For this exercise, we’re looking at distances that people usually travel on an automobile or motorcycle. 10 kilometers is more or less the total distance you would travel to get chores done around the metro, 25 kilometers represents a commute from one city to another, 100 kilometers for a nearby out-of-town trip, and 250 kilometers for a farther-than-usual out of town trip. The first thing that’s interesting to note here is how the time you save significantly diminishes on trips that already enforce a high speed limit. The second thing that’s important to point out is that even with our most unrealistic scenario of consistently cruising at 120 km/h for a straight 250 kilometers (something you’d only achieve travelling on a road as straight as a ruler from Manila to Naga for example), you would save yourself a mere 25 minutes as opposed to following a hypothetical speed limit of 100 km/h. So given our more realistic example earlier of a 25 kilometer commute from Muntinlupa to Makati that takes 35 minutes, factoring in toll booths and various slow downs at an average speed of 40 km/h, driving like a maniac that pushes your average speed up to 60 km/h saves you 12.5 minutes. Bear in mind that the time you lose due to stop lights will always be consistent, no matter how fast you’re travelling, which cuts your 12.5 minutes of savings down even further. Now you need to ask yourself what you could possibly do in those 6-12 minutes you’ve saved that justifies you endangering not just your own life, but the lives of others sharing the road with you. And if we’re talking about even shorter distances, well, the chart speaks for itself.
It’s certainly something to reflect on, and something you can easily compute for yourself one of these days.

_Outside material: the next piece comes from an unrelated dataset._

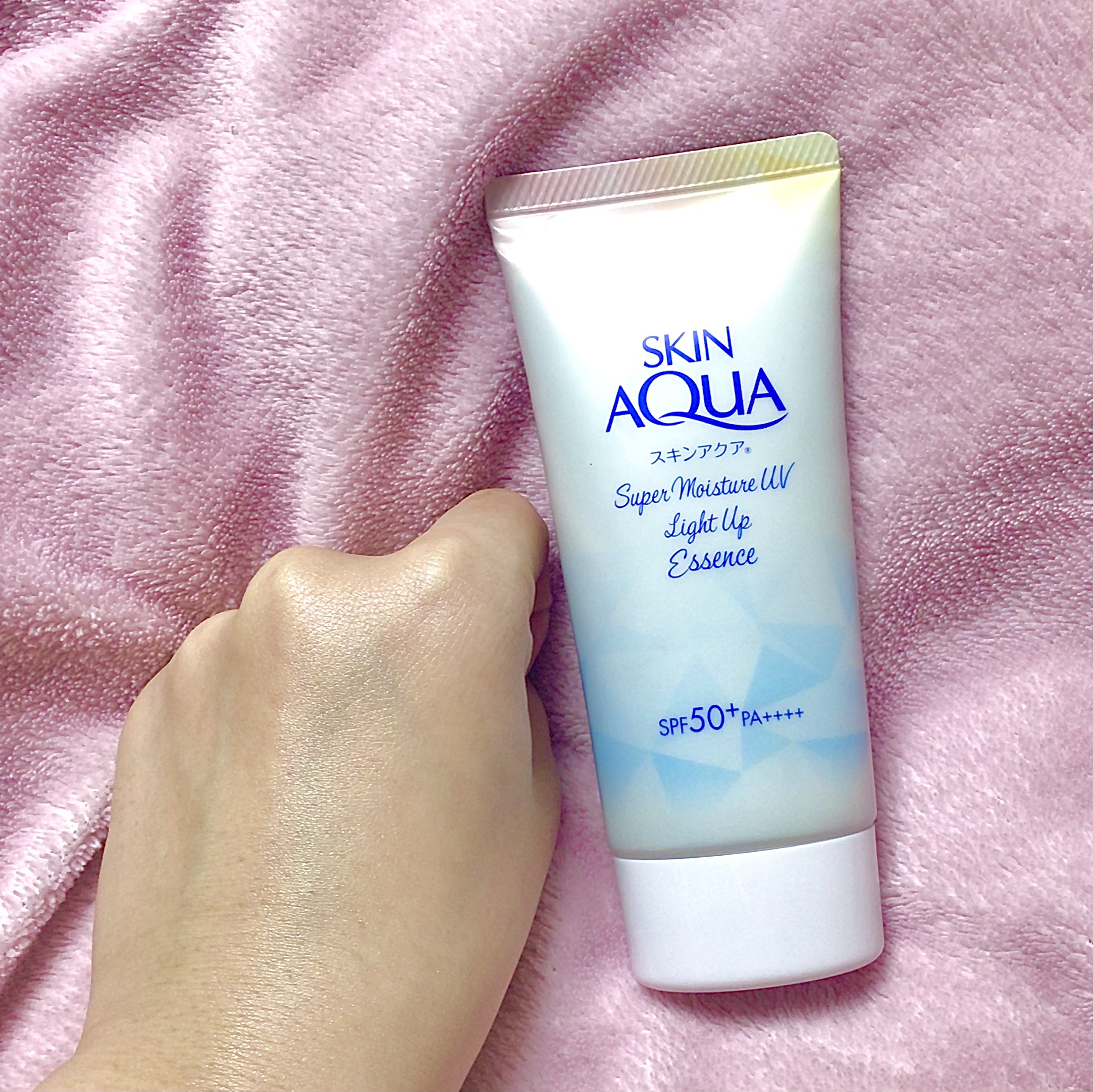 スーパーモイスチャーUV ライトアップエッセンス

Overspeeding continues to be one of the leading causes of automotive accidents in the country, and the examples given above clearly show that from a logical point of view, the time you save from overspeeding is negligible at best. Now, if you feel like it’s ok to contribute to the problem because of the “thrill” you might get from speeding, or you feel like you’ve “outsmarted” someone else on the road, then that’s another problem entirely.